Retirement Income Planning: What ROI Means (Or Should Mean) To Retirees
No retiree wants to discover that his or her retirement income is at risk. Last month I explained why most retirees should have a plan for monthly income that protects against risks that can diminish one’s capacity to generate sufficient income. Using an example of 10 financially identical retirees, I showed how remarkably different financial outcomes are possible based solely upon minor differences in the timing of retirement. I showed how timing Risk, especially, warrants your careful attention.
Today, I will explain why retirees should view the popular term “ROI” differently than younger investors, and why understanding its meaning in a different context is important to financial success in retirement.
Most investors, including retired investors, logically associate ROI with return-on-investment. This makes sense. When investing, we’re typically concerned with “returns” above all else. The higher the rate of return we can earn on our investments the better. Financial advisers design investment portfolios that seek to maximize returns consistent with the investor’s tolerance for risk. Younger investors typically strive for the highest possible ROI because they have time on their side. Their objective is to accumulate the greatest amount of money possible.

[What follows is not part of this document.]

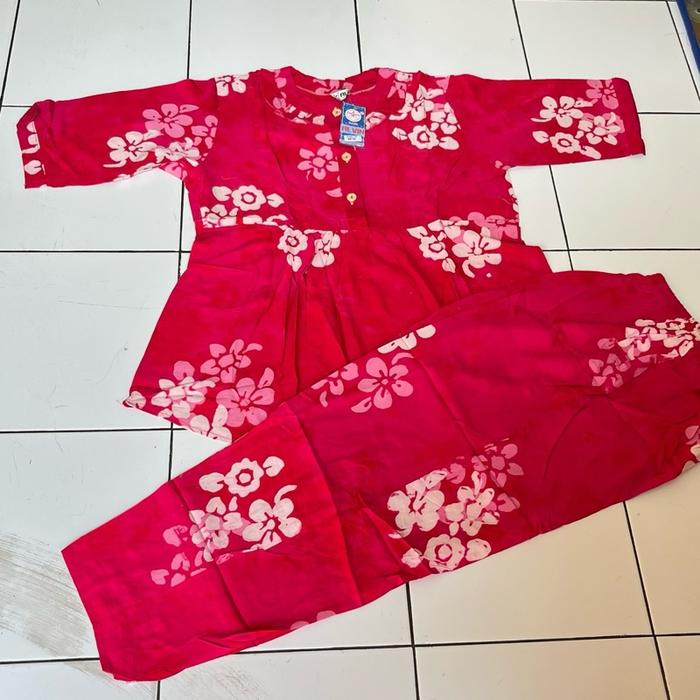 SETELAN BATIK ALVIN DEWASA BABY DOLL,TANGAN 3/4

As investors approach retirement, their investment focus often changes to a more conservative approach. This is the time when many people shift a portion of their investments in equities to bonds and cash. This makes sense as it helps to limit the potential damage resulting from investment losses should equities turn downward just prior to the investor moving into retirement. However, when the time comes for the retiree to begin the distribution of his or her savings in order to generate monthly income, another mindset is called for.
“Distribution Time” is When ROI Takes on a New Definition
Here’s a quick thought experiment: Picture yourself as a recent retiree. While you can’t know how long you’ll live in retirement, you’re both in good health and mindful of the possibility that your retirement may endure for decades. Considering that you are no longer earning a salary from work, you recognize that to cover your monthly living expenses you will be relying upon your retirement savings to produce income. Imagine that at this juncture you are approached by a financial adviser who poses these two questions: Are you interested in an investment strategy that seeks to produce the highest return-on-investment (ROI)? Or would you prefer a strategy that seeks to produce the highest reliability of income (ROI)? Although this is the first time you’ve been asked these particular questions, you’re probably going to tell the financial adviser that your top priority is achieving the highest reliability of income. In this regard, you are typical of the majority of retirees who respond this way when asked about which objective is most important to them.
The problem is that too few financial advisers frame the issue in this manner with the result that many retirees are never asked to choose between what amounts to mutually exclusive investment objectives. It’s simply not possible to construct investment portfolios that simultaneously seek to deliver on both definitions of “ROI.” Retirees, therefore, must clearly communicate their properties to their financial advisers.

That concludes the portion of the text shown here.